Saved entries

►

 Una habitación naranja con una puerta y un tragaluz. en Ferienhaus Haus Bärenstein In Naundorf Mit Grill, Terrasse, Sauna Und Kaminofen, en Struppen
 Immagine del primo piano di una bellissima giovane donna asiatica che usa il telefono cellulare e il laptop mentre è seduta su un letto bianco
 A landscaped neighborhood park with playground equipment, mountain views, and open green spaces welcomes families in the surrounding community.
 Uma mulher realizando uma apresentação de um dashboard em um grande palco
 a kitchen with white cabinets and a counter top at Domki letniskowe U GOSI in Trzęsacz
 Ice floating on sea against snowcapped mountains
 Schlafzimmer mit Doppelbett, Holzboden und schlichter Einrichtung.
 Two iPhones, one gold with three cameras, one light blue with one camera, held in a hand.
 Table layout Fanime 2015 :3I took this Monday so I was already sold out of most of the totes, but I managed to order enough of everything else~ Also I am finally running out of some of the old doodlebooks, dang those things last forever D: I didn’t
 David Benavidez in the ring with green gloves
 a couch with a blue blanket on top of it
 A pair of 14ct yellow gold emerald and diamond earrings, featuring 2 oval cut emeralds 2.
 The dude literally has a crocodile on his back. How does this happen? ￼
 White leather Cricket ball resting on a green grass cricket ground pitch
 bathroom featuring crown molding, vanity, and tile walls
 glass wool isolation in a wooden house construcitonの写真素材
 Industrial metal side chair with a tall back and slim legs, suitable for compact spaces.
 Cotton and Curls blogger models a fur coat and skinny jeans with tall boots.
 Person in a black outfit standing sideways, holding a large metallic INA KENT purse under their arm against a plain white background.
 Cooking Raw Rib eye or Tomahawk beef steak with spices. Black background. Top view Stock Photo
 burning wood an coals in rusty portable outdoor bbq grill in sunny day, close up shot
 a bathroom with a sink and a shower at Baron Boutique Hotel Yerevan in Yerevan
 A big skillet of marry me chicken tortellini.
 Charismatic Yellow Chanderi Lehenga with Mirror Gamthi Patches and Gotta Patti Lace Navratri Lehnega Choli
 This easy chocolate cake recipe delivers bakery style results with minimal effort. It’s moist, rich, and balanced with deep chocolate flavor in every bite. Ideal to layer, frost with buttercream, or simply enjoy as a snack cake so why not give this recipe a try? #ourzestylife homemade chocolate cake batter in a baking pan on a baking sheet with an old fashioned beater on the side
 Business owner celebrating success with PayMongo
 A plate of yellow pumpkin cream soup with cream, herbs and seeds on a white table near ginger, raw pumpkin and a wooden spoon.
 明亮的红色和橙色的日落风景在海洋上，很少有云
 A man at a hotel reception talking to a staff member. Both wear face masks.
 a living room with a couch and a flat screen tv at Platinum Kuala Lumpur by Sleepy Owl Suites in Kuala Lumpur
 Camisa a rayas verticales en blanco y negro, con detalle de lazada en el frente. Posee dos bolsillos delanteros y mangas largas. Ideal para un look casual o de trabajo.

◄

→ Exercise: The answer should contain only the lines from the start of the records above through the line with "The dude literally", copied exactly, and no pictures.

→ Response:
 Una habitación naranja con una puerta y un tragaluz. en Ferienhaus Haus Bärenstein In Naundorf Mit Grill, Terrasse, Sauna Und Kaminofen, en Struppen
 Immagine del primo piano di una bellissima giovane donna asiatica che usa il telefono cellulare e il laptop mentre è seduta su un letto bianco
 A landscaped neighborhood park with playground equipment, mountain views, and open green spaces welcomes families in the surrounding community.
 Uma mulher realizando uma apresentação de um dashboard em um grande palco
 a kitchen with white cabinets and a counter top at Domki letniskowe U GOSI in Trzęsacz
 Ice floating on sea against snowcapped mountains
 Schlafzimmer mit Doppelbett, Holzboden und schlichter Einrichtung.
 Two iPhones, one gold with three cameras, one light blue with one camera, held in a hand.
 Table layout Fanime 2015 :3I took this Monday so I was already sold out of most of the totes, but I managed to order enough of everything else~ Also I am finally running out of some of the old doodlebooks, dang those things last forever D: I didn’t
 David Benavidez in the ring with green gloves
 a couch with a blue blanket on top of it
 A pair of 14ct yellow gold emerald and diamond earrings, featuring 2 oval cut emeralds 2.
 The dude literally has a crocodile on his back. How does this happen? 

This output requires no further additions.